Data extracted from a collection:
<<<<
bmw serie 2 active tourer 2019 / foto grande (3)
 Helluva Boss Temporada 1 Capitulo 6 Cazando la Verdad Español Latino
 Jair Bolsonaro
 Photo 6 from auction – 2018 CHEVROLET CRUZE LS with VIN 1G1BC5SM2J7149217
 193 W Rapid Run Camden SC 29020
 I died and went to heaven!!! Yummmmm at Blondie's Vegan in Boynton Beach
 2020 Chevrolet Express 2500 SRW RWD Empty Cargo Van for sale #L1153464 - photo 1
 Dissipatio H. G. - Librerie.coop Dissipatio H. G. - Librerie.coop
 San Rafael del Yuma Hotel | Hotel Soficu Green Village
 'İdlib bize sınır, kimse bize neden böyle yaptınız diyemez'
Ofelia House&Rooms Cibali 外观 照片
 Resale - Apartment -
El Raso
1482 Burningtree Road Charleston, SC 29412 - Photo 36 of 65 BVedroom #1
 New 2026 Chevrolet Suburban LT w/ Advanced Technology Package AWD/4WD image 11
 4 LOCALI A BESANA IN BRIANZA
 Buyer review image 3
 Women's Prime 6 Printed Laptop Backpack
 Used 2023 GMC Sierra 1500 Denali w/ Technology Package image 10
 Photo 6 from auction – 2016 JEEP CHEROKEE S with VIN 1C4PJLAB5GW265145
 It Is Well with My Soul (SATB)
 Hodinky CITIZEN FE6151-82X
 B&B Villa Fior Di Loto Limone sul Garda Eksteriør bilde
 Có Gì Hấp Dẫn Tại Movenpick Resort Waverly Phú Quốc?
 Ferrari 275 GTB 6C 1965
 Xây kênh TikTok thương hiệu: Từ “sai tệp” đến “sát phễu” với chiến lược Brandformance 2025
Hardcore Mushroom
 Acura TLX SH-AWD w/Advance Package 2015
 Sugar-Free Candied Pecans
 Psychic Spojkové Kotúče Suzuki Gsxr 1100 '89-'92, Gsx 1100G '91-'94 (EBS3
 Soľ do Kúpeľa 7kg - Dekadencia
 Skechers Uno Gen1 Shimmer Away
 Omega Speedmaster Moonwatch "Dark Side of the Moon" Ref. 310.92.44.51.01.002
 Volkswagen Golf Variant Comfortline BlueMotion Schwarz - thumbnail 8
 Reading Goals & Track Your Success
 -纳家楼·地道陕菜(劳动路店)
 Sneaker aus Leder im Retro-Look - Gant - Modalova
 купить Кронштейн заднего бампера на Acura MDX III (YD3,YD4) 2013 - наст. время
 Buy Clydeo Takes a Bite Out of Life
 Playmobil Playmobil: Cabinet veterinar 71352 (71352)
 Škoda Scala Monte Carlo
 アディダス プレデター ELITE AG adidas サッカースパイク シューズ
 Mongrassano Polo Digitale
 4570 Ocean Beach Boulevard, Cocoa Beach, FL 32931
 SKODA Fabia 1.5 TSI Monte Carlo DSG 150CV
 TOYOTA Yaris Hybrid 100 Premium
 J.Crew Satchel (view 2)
>>>>
Exercise requirements:
Each of the records shown above needs to be repeated exactly.

Written reply:
bmw serie 2 active tourer 2019 / foto grande (3)
 Helluva Boss Temporada 1 Capitulo 6 Cazando la Verdad Español Latino
 Jair Bolsonaro
 Photo 6 from auction – 2018 CHEVROLET CRUZE LS with VIN 1G1BC5SM2J7149217
 193 W Rapid Run Camden SC 29020
 I died and went to heaven!!! Yummmmm at Blondie's Vegan in Boynton Beach
 2020 Chevrolet Express 2500 SRW RWD Empty Cargo Van for sale #L1153464 - photo 1
 Dissipatio H. G. - Librerie.coop Dissipatio H. G. - Librerie.coop
 San Rafael del Yuma Hotel | Hotel Soficu Green Village
 'İdlib bize sınır, kimse bize neden böyle yaptınız diyemez'
Ofelia House&Rooms Cibali 外观 照片
 Resale - Apartment -
El Raso
1482 Burningtree Road Charleston, SC 29412 - Photo 36 of 65 BVedroom #1
 New 2026 Chevrolet Suburban LT w/ Advanced Technology Package AWD/4WD image 11
 4 LOCALI A BESANA IN BRIANZA
 Buyer review image 3
 Women's Prime 6 Printed Laptop Backpack
 Used 2023 GMC Sierra 1500 Denali w/ Technology Package image 10
 Photo 6 from auction – 2016 JEEP CHEROKEE S with VIN 1C4PJLAB5GW265145
 It Is Well with My Soul (SATB)
 Hodinky CITIZEN FE6151-82X
 B&B Villa Fior Di Loto Limone sul Garda Eksteriør bilde
 Có Gì Hấp Dẫn Tại Movenpick Resort Waverly Phú Quốc?
 Ferrari 275 GTB 6C 1965
 Xây kênh TikTok thương hiệu: Từ “sai tệp” đến “sát phễu” với chiến lược Brandformance 2025
Hardcore Mushroom
 Acura TLX SH-AWD w/Advance Package 2015
 Sugar-Free Candied Pecans
 Psychic Spojkové Kotúče Suzuki Gsxr 1100 '89-'92, Gsx 1100G '91-'94 (EBS3
 Soľ do Kúpeľa 7kg - Dekadencia
 Skechers Uno Gen1 Shimmer Away
 Omega Speedmaster Moonwatch "Dark Side of the Moon" Ref. 310.92.44.51.01.002
 Volkswagen Golf Variant Comfortline BlueMotion Schwarz - thumbnail 8
 Reading Goals & Track Your Success
 -纳家楼·地道陕菜(劳动路店)
 Sneaker aus Leder im Retro-Look - Gant - Modalova
 купить Кронштейн заднего бампера на Acura MDX III (YD3,YD4) 2013 - наст. время
 Buy Clydeo Takes a Bite Out of Life
 Playmobil Playmobil: Cabinet veterinar 71352 (71352)
 Škoda Scala Monte Carlo
 アディダス プレデター ELITE AG adidas サッカースパイク シューズ
 Mongrassano Polo Digitale
 4570 Ocean Beach Boulevard, Cocoa Beach, FL 32931
 SKODA Fabia 1.5 TSI Monte Carlo DSG 150CV
 TOYOTA Yaris Hybrid 100 Premium
 J.Crew Satchel (view 2)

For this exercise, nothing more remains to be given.